Daily Mirror - Print Edition

Benchmark 1-year bill yield continues to show downward stubbornness

11 Jan 2024 - {{hitsCtrl.values.hits}}      

The benchmark one-year Treasury bill yield extended its weeks-long downward stickiness at the weekly bill auction held yesterday. 
This is despite the assurances by the Central Bank that it would continue on its monetary easing cycle and enter into early resolutions with the private creditors to restore external debt sustainability, which remained as a long-time hangover, over a meaningful downward shift in the yield curve.
The Central Bank offered Rs.100.0 billion in bills across the three maturities, at its second weekly bill auction for the year, where it managed to raise the entire amount, although skewing towards the six-month and three-month tenures as usual.


The Central Bank offered Rs.30.0 billion under the three-month bills, Rs.40.0 billion under the six-month bills and another Rs.30.0 billion under the one-year bills.
But the acceptances were at Rs.37.90 billion, Rs.60.36 billion and Rs.1,736 million, under the three tenures, respectively. The yield of the three-month bill came off 18 basis points to settle at 14.27 percent while the six-month bill yield shed seven basis points to end at 14.09 percent.
However, the one-year bill yield remained unchanged at 12.93 percent from last week.
Yesterday marked the fourth consecutive weekly bill auction, where the benchmark one-year bill yield stood still, reflecting an enormous rigidity from coming off.

The Public Debt Department said it would keep the second phase of the subscriptions open till 4:00 p.m. today (January 11), to accept bids for the one-year bill, at the above-weighted average yield determined at the auction.
The aggregate eligible amount for subscription from the one-year bill would be 25 percent of the aggregate amount offered at the auction, it added. Presenting the monetary and financial sector policies for 2024 and beyond, the Central Bank said it would stay the course on the current easing monetary policy cycle.

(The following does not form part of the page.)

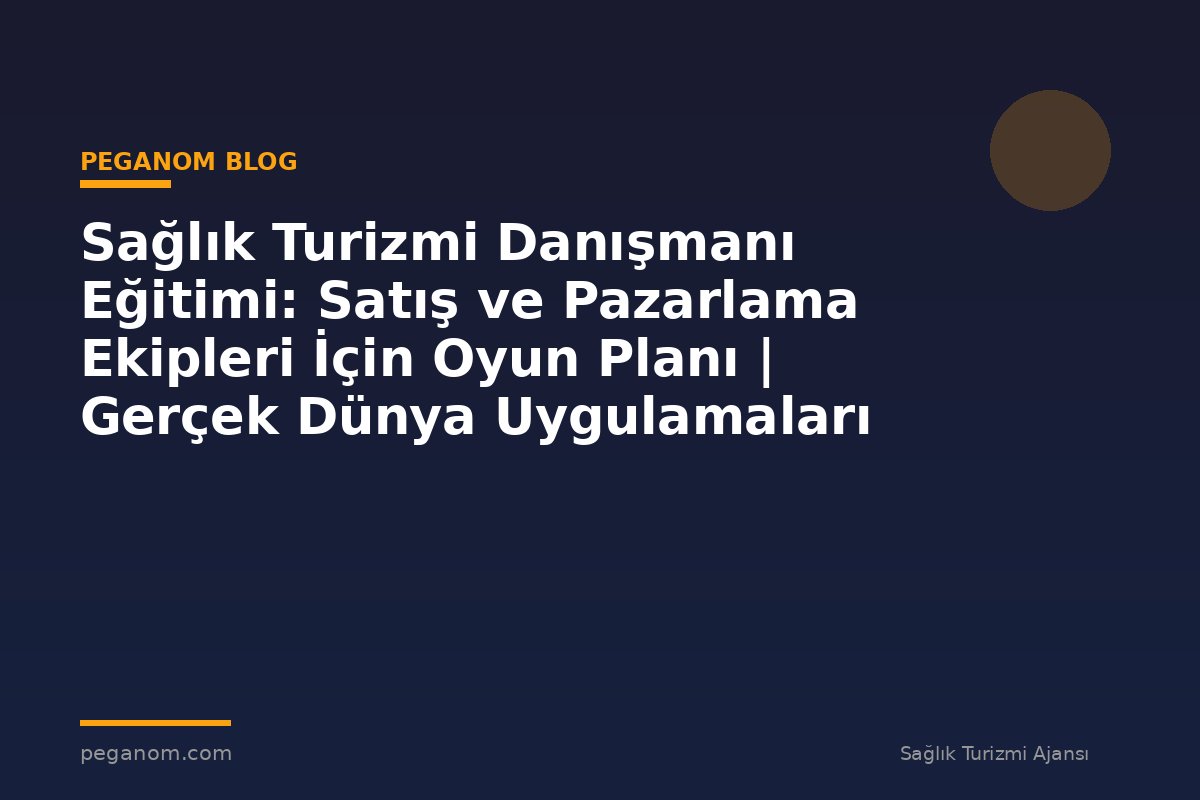 Sağlık Turizmi Danışmanı Eğitimi: Satış ve Pazarlama Ekipleri İçin Oyun Planı | Gerçek Dünya Uygulamaları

This is unless there is an unpredictable or exogenous event that could force it to change its direction, as medium-term inflation projections remain well anchored around 5 percent level, which is the Central Bank’s target level.
The Central Bank said it would continue its engagement with the external private sector creditors to enter into early deals to restructure their debt on comparable terms to that of the official creditors, which would help to ease any remaining uncertainties and help further downshift in the yield curve.
“An early resolution with the external private creditors on comparable terms would also contribute to the rapid dissipation of market uncertainties, thereby serving to bring down risk premia associated with government securities, leading to the desired downward shift of the yield curve,” the Central Bank added.